Op dit moment bestaat voor inzage door nabestaanden geen wettelijke regeling. Dit gaat echter veranderen: bij de Eerste Kamer ligt een wetsvoorstel waarin het inzagerecht van nabestaanden wordt vastgelegd. De regeling gaat deel uitmaken van de zogenoemde Wet op de geneeskundige behandelingsovereenkomst (art. 7:458a en 458b BW; Kamerstukken I, 34994).
De regeling is niet eenvoudig te doorgronden en tijdens de parlementaire behandeling alleen maar ingewikkelder geworden. Het is hier niet de plaats om de regeling in extenso te bespreken. Wat wel opvalt, is dat een bekende grondslag voor inzage door nabestaanden, te weten de veronderstelde toestemming van de overledene, daarin ontbreekt. Wat is veronderstelde toestemming in dit verband precies? Waarom heeft de regering ervan afgezien deze grond in de wet op te nemen? En is dat verstandig? Daarover gaat deze blog.

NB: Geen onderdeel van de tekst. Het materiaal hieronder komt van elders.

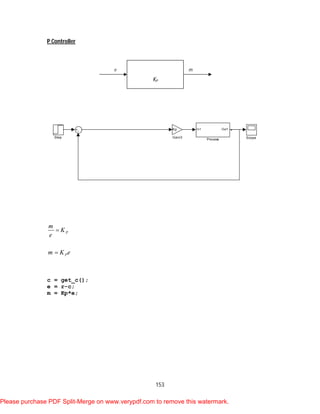 153
P Controller
P
P
m
K
e
m K e


c = get_c();
e = r-c;
m = Kp*e;
Step Scope
In1 Out1
Process
Kp
Gain3
KP
e m
Please purchase PDF Split-Merge on www.verypdf.com to remove this watermark.
 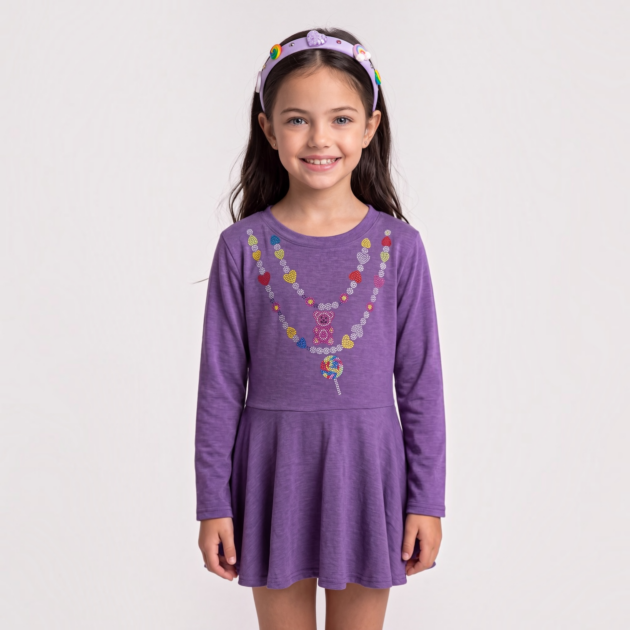 Firehouse Candy Necklace Plum Dress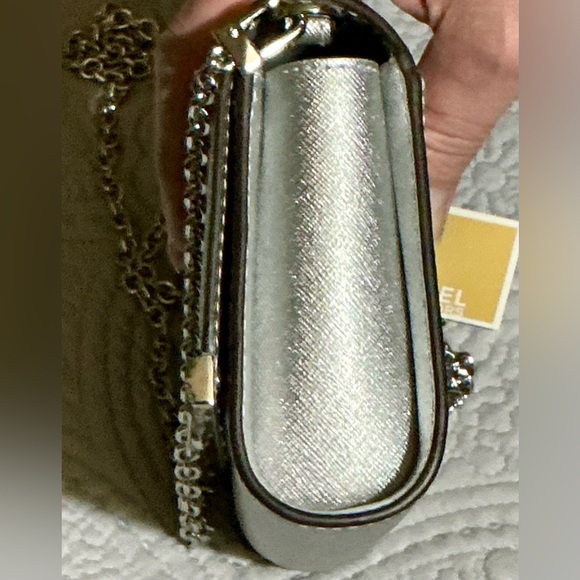 Michael Kors Silver Leather Clutch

In het algemeen is de toestemming van de patiënt voor de arts een belangrijke rechtvaardigingsgrond voor het doorbreken van het medisch beroepsgeheim. Die toestemming kan natuurlijk ook betrekking hebben op de situatie na overlijden. Het komt echter niet vaak voor dat de patiënt zich bij leven expliciet heeft uitgelaten over de vraag wie na zijn overlijden toegang tot zijn of haar dossier mag hebben. En het kan hem nu niet meer worden gevraagd. Met het oog daarop is in de literatuur en in de rechtspraak een bijzondere rechtvaardigingsgrond ontwikkeld, te weten de ‘veronderstelde toestemming’: zou de patiënt hebben ingestemd met inzage door zijn nabestaanden, als hij de vraag om toestemming wel had kunnen beantwoorden? Zo ja, dan spreken we van veronderstelde toestemming. In feite gaat het om een juridische fictie, waarbij de arts zich moet afvragen wat de betreffende patiënt zou hebben gewild of, als hij daarvoor te weinig aanknopingspunten heeft, wat een redelijke patiënt in zo’n situatie zou hebben gewild.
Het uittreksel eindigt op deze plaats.